[Exercise description]: Copy nothing before the line that contains "Medicine spodnie dresowe RS26-SPM011 zielony"; from there, transcribe each line exactly through the end of the material, omitting pictures.

[Material provided]:
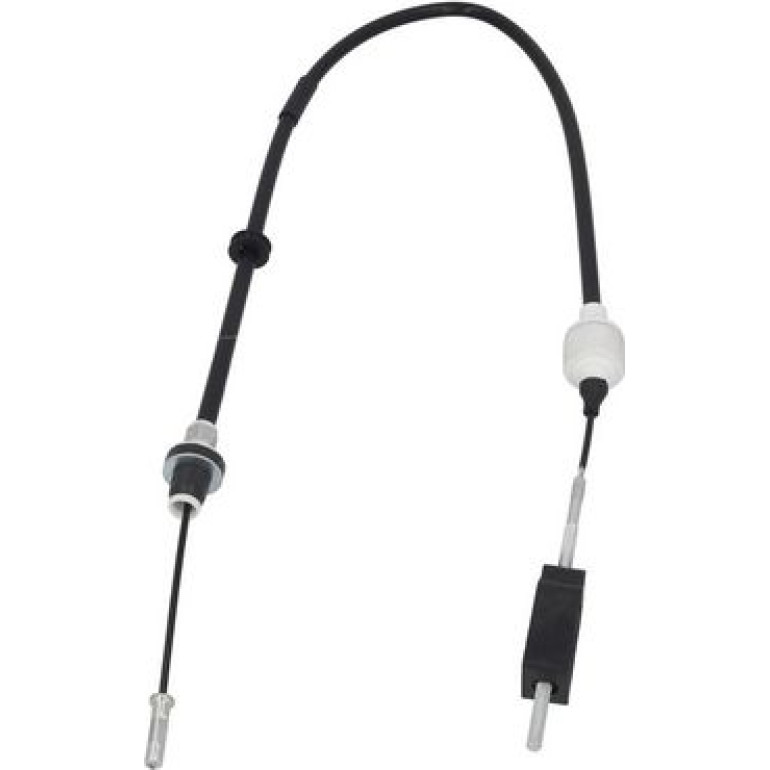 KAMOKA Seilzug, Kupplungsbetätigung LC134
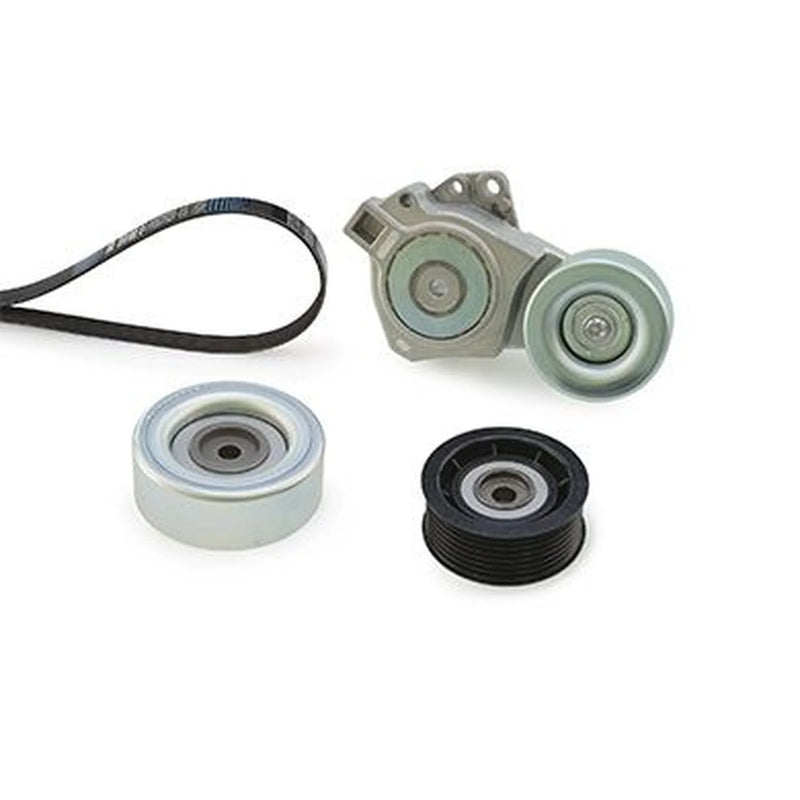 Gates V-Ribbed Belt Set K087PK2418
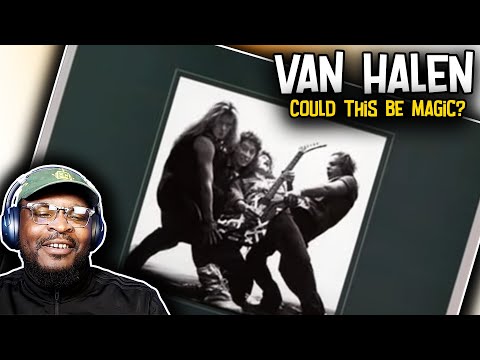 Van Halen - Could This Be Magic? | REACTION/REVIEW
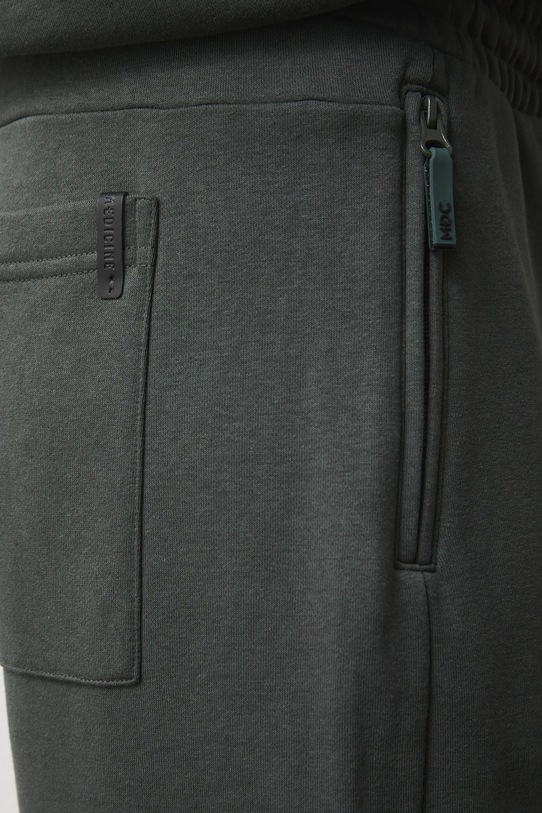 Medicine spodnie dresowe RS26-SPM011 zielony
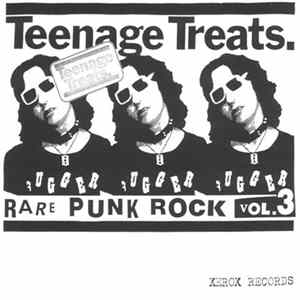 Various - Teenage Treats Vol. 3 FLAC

[Solved problem]:
 Medicine spodnie dresowe RS26-SPM011 zielony
 Various - Teenage Treats Vol. 3 FLAC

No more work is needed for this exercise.